Masters Snooker 2019: Judd Trump beats Mark Selby to reach semi-finals
Trump knocks out world number one Selby – best shots

Judd Trump knocked world number one Mark Selby out of the Masters at the quarter-final stage with a 6-2 victory.

The match started slowly – with tactical battles meaning the opening two frames took more than an hour – but Trump found his groove to go 5-1 ahead.

Selby rallied briefly with a 110 clearance, but Trump kept his cool to ease through to Saturday’s semi-final.

There he will face 2012 champion Neil Robertson, who came from behind to beat Barry Hawkins 6-3.

Englishman Hawkins made the perfect start with breaks of 62 and 72 to go 2-0 up, but Australia’s Robertson responded superbly by claiming five in a row, before taking the one he needed to advance.

Friday’s early match was one of contrasting styles between a gritty and mechanical Selby and the more free-flowing Trump.

The opening two frames were long, drawn-out battles – lasting 43 and 26 minutes – which would ordinarily play into Selby’s hands, but Trump kept him in check with excellent safety to pinch both.

Selby pegged him back to 2-1, but Trump took control of the contest with breaks of 81, 101, and 60 and claimed victory in a prolonged 40-minute frame.

Robertson beats Hawkins to reach semi-final – best shots

‘It’s no good just getting to the semi-final’

Trump was happy with his disciplined performance, telling BBC Sport: “In the past maybe I would have messed up.

“You just have to stay patient against him and you can’t go for anything stupid, just wait your chance. I think my safety has improved and I was able to compete against him.

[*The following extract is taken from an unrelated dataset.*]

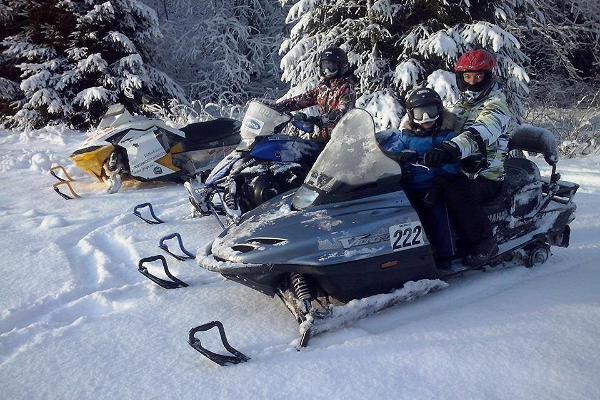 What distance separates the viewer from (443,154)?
2998 millimetres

“When a frame is going on for 40 minutes, it is demoralising to lose it. Even if it had gone 5-3 at the end it would have been tough to get over the line after that.

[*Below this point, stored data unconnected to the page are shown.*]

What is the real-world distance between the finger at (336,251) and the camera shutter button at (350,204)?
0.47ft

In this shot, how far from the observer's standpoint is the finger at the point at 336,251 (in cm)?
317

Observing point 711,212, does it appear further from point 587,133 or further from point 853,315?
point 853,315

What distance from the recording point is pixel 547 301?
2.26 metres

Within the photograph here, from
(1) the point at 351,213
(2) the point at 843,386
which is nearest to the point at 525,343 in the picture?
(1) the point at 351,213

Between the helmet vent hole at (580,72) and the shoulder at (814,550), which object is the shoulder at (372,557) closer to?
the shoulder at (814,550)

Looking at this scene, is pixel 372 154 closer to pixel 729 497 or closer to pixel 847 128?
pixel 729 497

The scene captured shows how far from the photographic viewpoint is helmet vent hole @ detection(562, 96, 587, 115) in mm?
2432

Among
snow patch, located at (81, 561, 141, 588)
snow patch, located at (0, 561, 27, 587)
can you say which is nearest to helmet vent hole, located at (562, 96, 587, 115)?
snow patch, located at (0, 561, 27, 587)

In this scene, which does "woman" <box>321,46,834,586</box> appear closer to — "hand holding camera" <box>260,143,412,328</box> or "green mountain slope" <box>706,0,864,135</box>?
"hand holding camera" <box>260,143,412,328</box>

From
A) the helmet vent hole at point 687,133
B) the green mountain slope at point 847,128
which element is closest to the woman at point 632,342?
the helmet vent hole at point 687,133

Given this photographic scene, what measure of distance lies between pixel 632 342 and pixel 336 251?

“You know he can come back from any scoreline. I’ve got the experience of losing a lead before so that stood me in good stead.”

Trump has never gone beyond the semi-finals at the Masters, and last year let slip a 5-2 lead against Kyren Wilson.

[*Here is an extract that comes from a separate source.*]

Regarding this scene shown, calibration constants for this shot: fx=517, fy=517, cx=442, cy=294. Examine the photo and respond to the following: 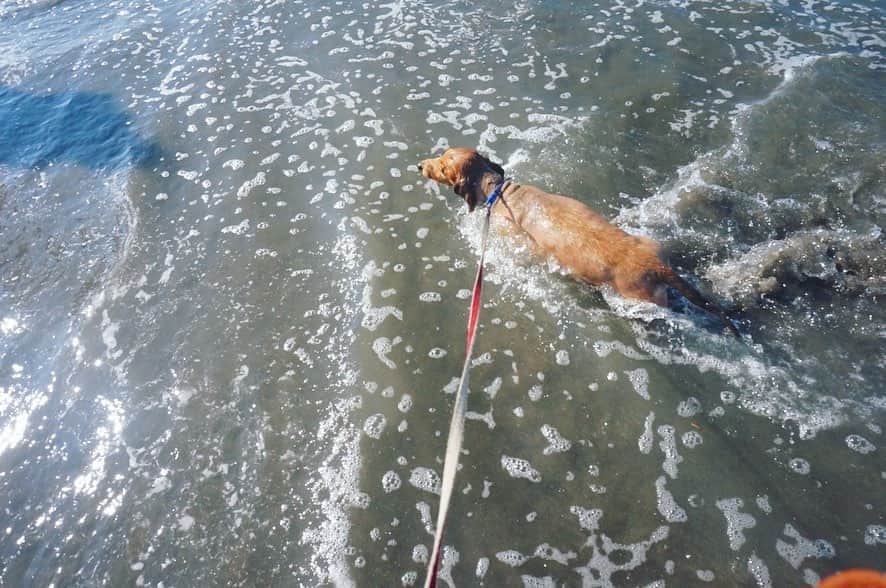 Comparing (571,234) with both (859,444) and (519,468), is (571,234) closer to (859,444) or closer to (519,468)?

“It’s such a big tournament and my record is not great here,” he said. I’ve thrown away a few big leads, especially last year.

“You’ve got to learn from that. It’s no good just getting to the semi-final, you’ve got to get to the final and win it.”

Selby acknowledged Trump’s more balanced game had been an important factor in the match, saying: “Judd’s safety game has improved over the years and he has a good all-round game now.

“I felt good out there but it is frustrating because the balls did not fall for me. It got a bit laughable in the end.”